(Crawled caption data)
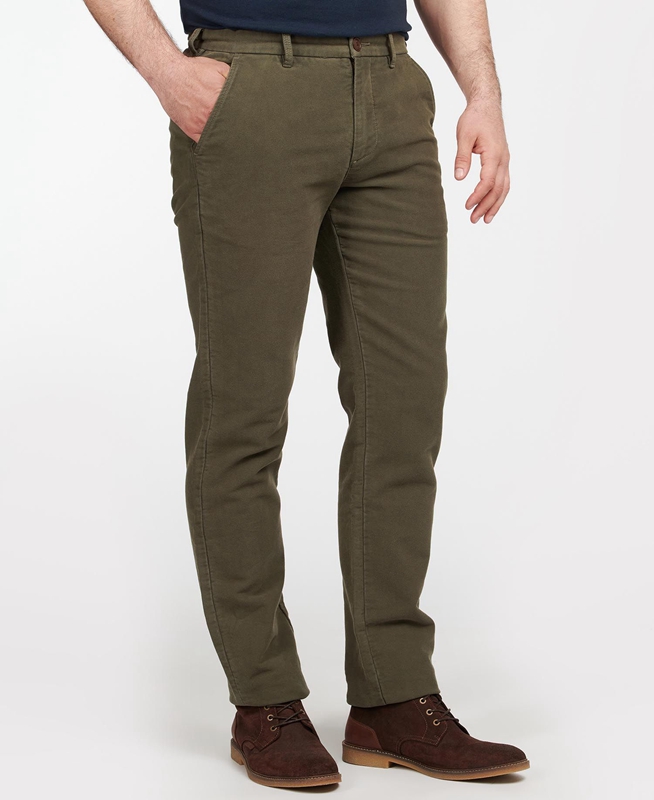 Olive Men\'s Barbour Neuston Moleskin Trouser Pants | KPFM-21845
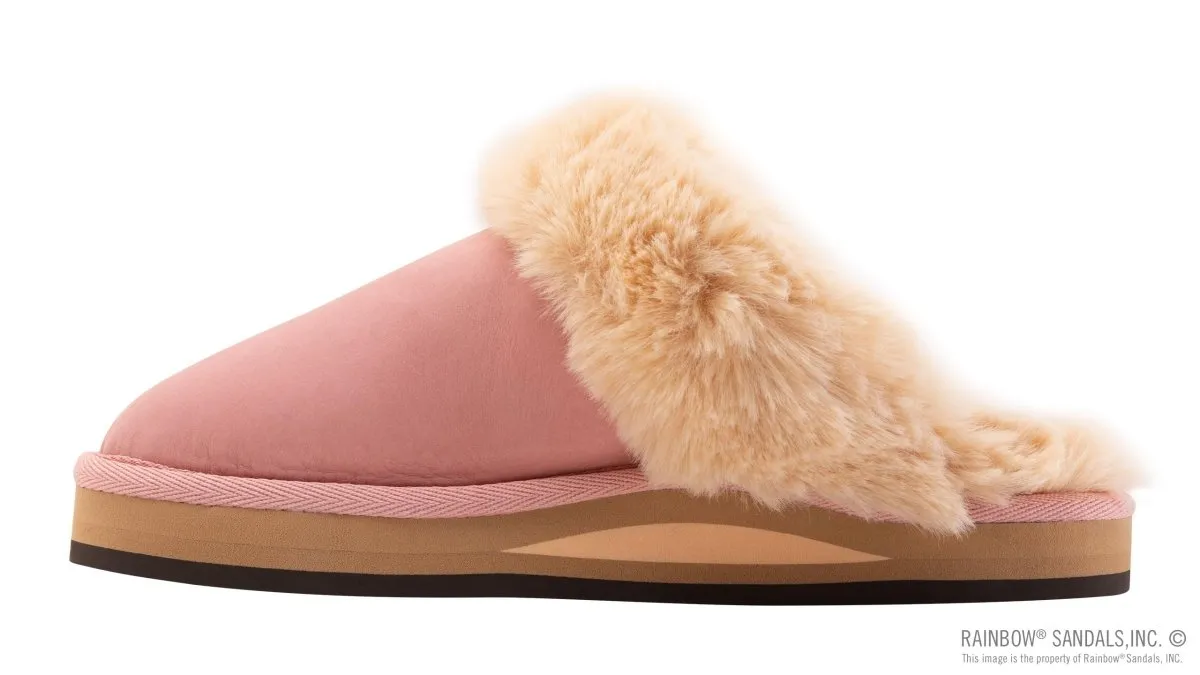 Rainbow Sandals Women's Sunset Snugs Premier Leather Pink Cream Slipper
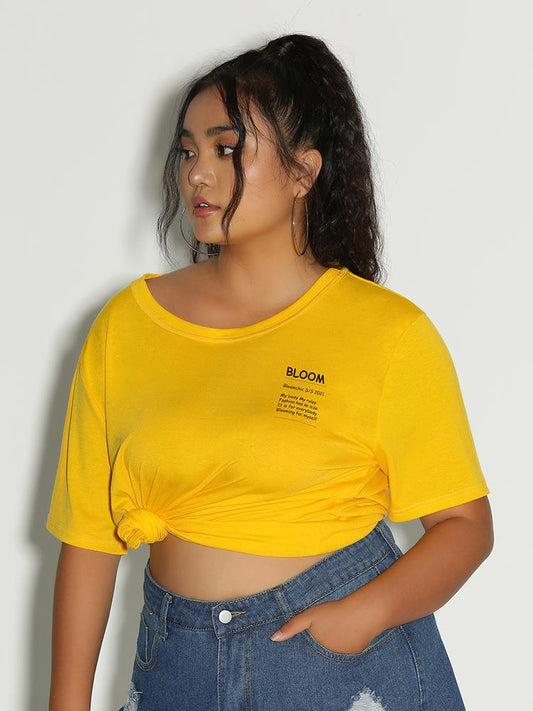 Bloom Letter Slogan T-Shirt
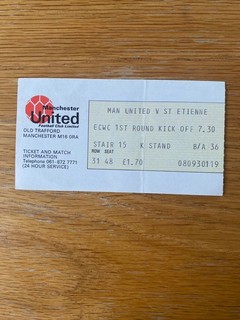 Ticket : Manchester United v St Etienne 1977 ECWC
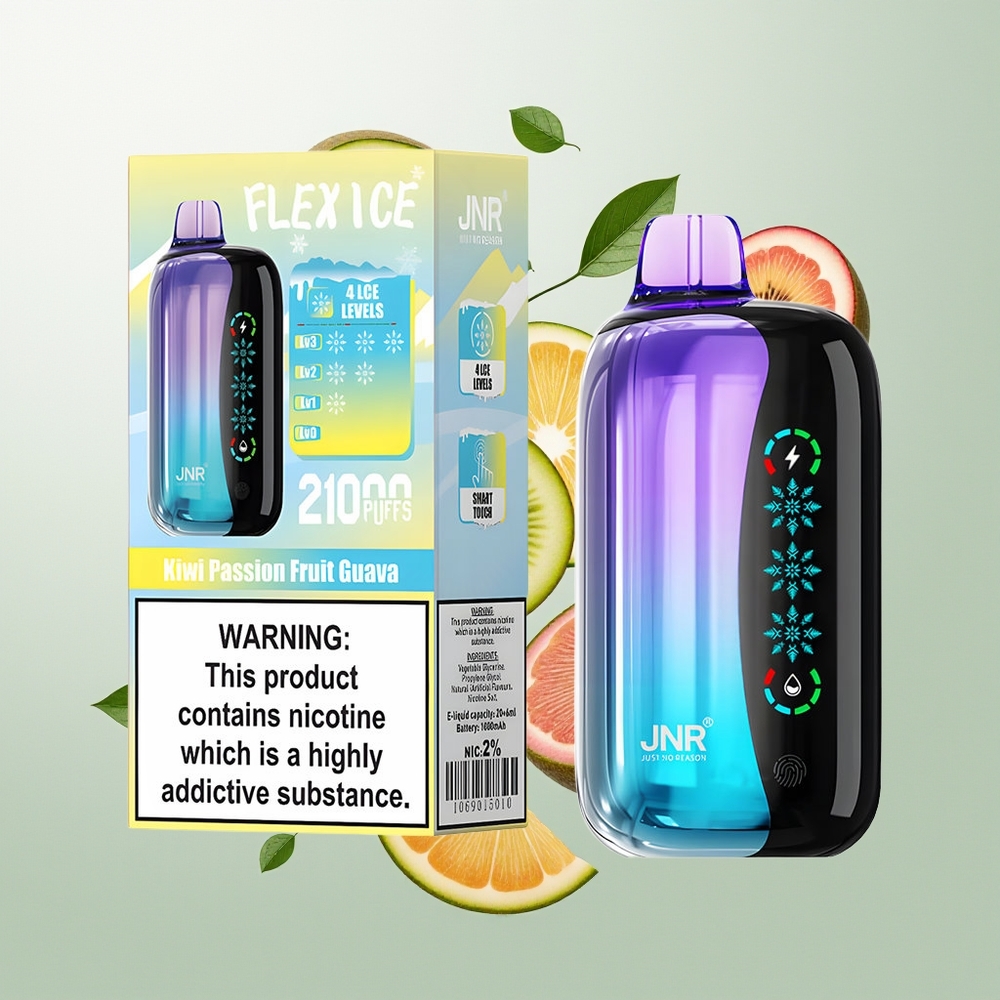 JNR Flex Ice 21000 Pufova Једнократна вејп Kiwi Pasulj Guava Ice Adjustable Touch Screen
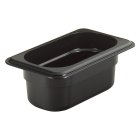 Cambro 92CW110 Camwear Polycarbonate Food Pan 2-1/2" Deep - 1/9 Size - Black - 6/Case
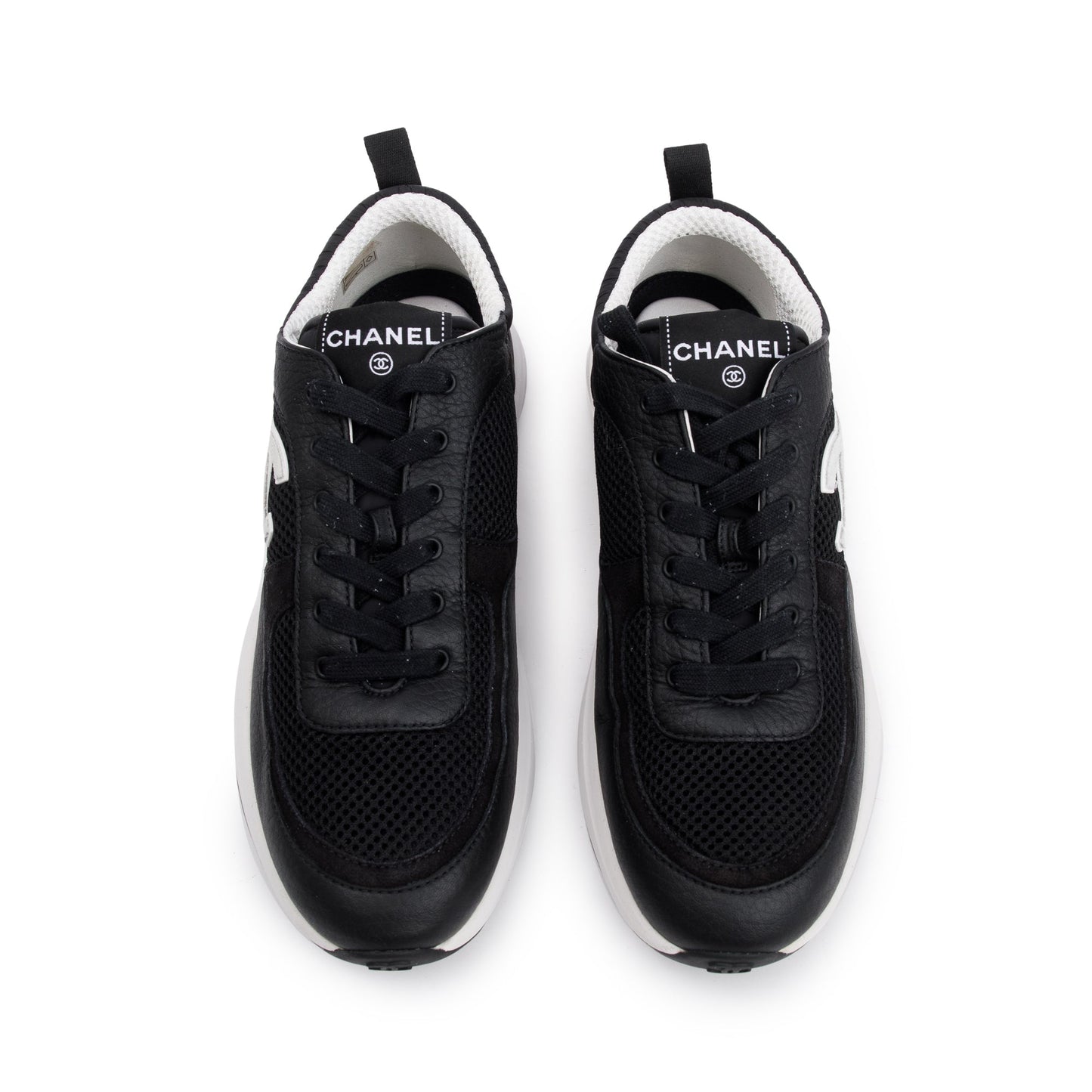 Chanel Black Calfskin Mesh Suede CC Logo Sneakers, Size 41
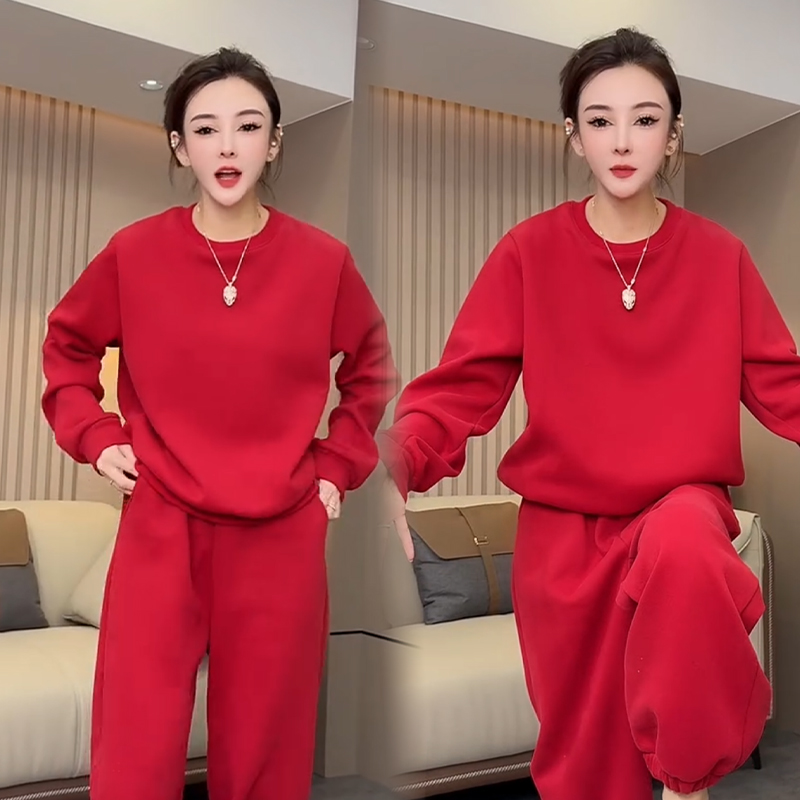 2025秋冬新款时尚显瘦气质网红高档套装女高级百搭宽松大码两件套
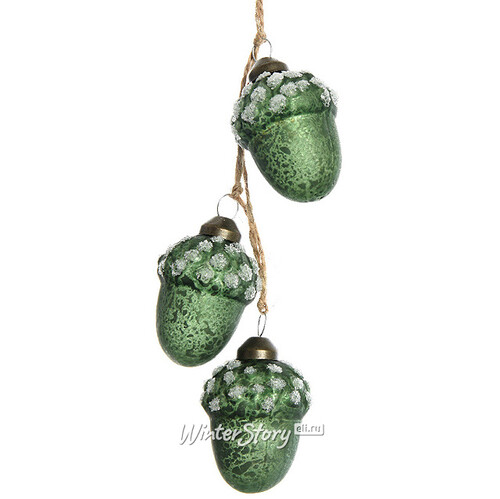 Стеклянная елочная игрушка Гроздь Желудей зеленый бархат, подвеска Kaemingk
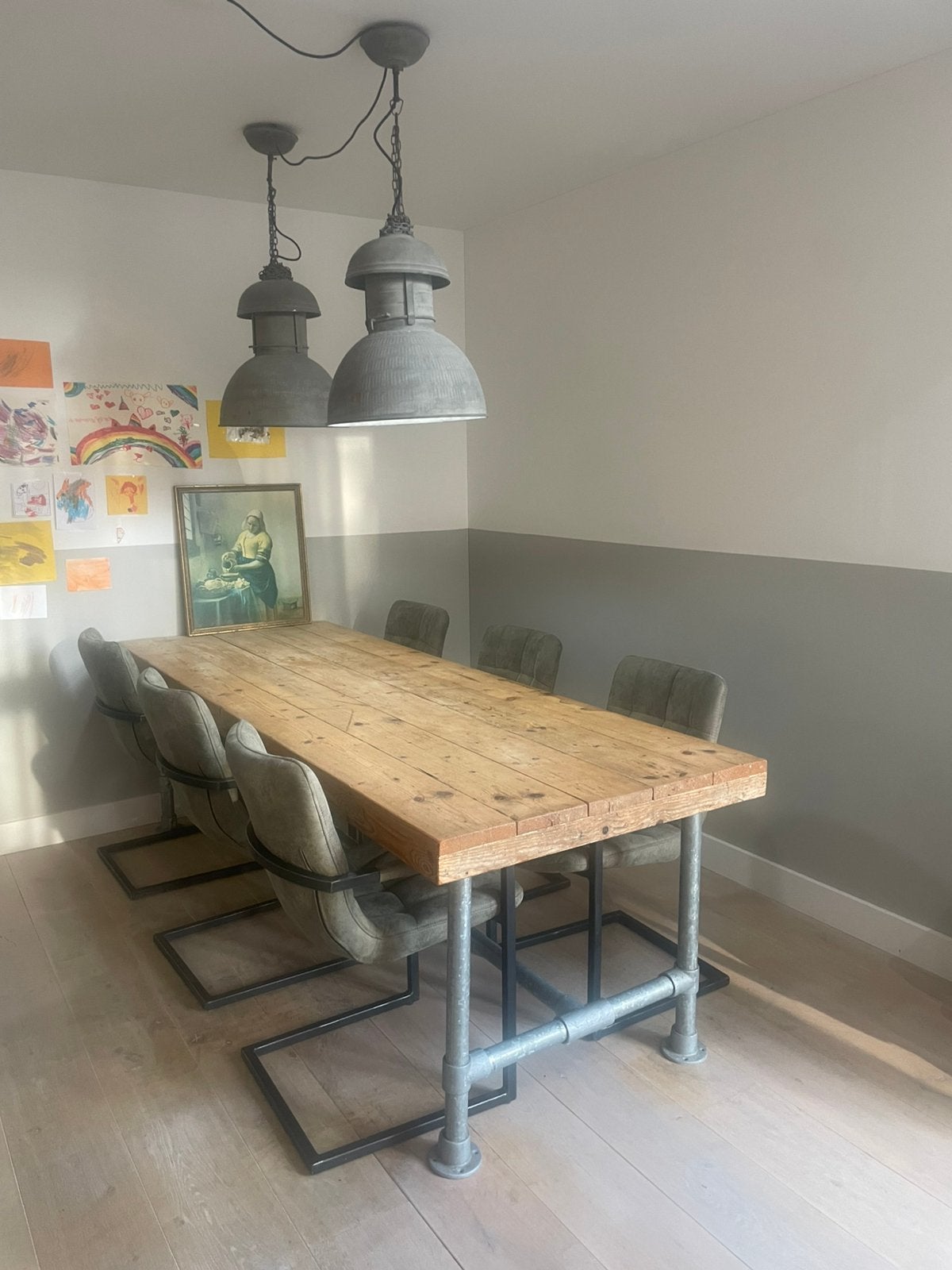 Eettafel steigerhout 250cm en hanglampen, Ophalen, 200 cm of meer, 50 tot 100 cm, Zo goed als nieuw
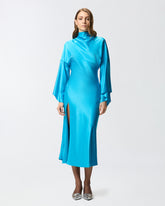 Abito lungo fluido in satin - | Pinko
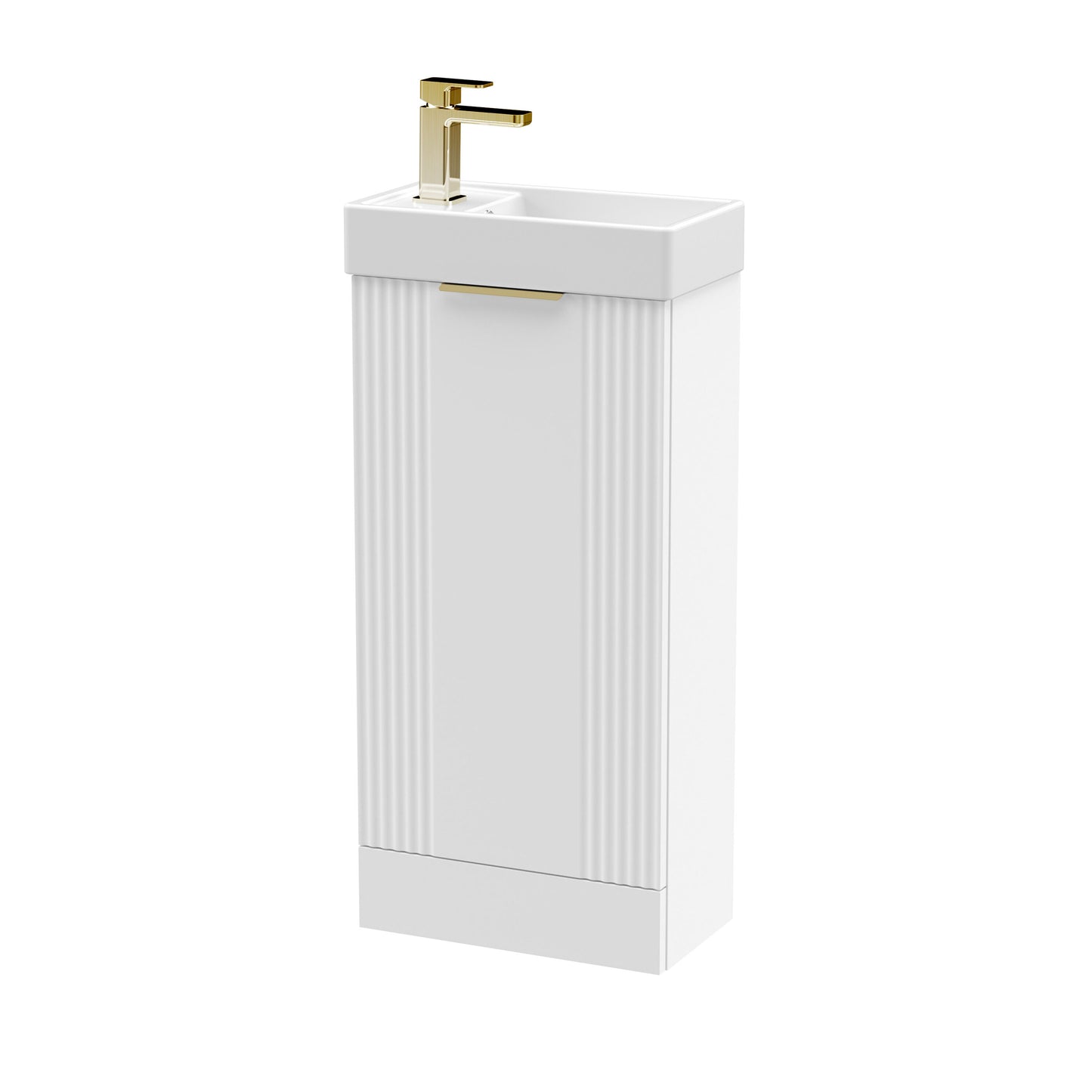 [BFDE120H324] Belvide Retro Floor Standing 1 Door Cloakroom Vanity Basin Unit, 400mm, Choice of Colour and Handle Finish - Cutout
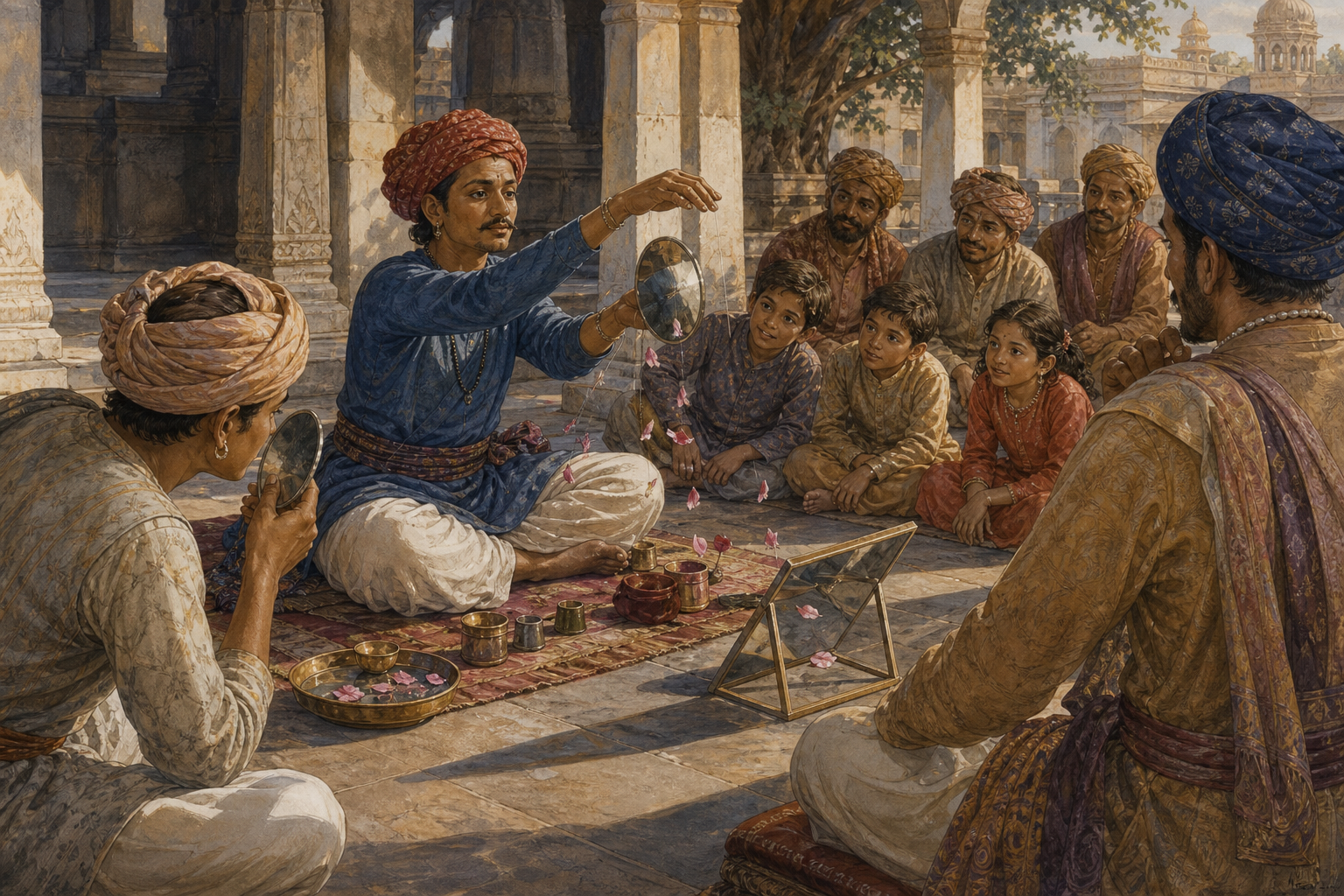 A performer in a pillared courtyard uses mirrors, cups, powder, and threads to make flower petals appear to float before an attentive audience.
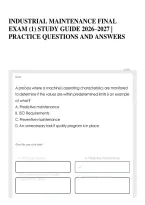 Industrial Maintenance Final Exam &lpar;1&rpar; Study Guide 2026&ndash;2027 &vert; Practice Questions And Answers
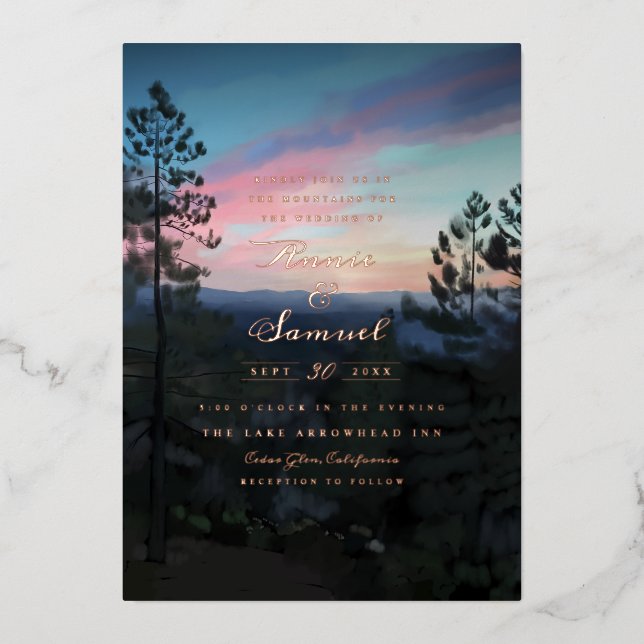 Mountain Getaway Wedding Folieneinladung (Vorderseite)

### Work order
All of the data above needs to be given again exactly. Leave out each image.

### Result
 Olive Men\'s Barbour Neuston Moleskin Trouser Pants | KPFM-21845
 Rainbow Sandals Women's Sunset Snugs Premier Leather Pink Cream Slipper
 Bloom Letter Slogan T-Shirt
 Ticket : Manchester United v St Etienne 1977 ECWC
 JNR Flex Ice 21000 Pufova Једнократна вејп Kiwi Pasulj Guava Ice Adjustable Touch Screen
 Cambro 92CW110 Camwear Polycarbonate Food Pan 2-1/2" Deep - 1/9 Size - Black - 6/Case
 Chanel Black Calfskin Mesh Suede CC Logo Sneakers, Size 41
 2025秋冬新款时尚显瘦气质网红高档套装女高级百搭宽松大码两件套
 Стеклянная елочная игрушка Гроздь Желудей зеленый бархат, подвеска Kaemingk
 Eettafel steigerhout 250cm en hanglampen, Ophalen, 200 cm of meer, 50 tot 100 cm, Zo goed als nieuw
 Abito lungo fluido in satin - | Pinko
 [BFDE120H324] Belvide Retro Floor Standing 1 Door Cloakroom Vanity Basin Unit, 400mm, Choice of Colour and Handle Finish - Cutout
 A performer in a pillared courtyard uses mirrors, cups, powder, and threads to make flower petals appear to float before an attentive audience.
 Industrial Maintenance Final Exam &lpar;1&rpar; Study Guide 2026&ndash;2027 &vert; Practice Questions And Answers
 Mountain Getaway Wedding Folieneinladung (Vorderseite)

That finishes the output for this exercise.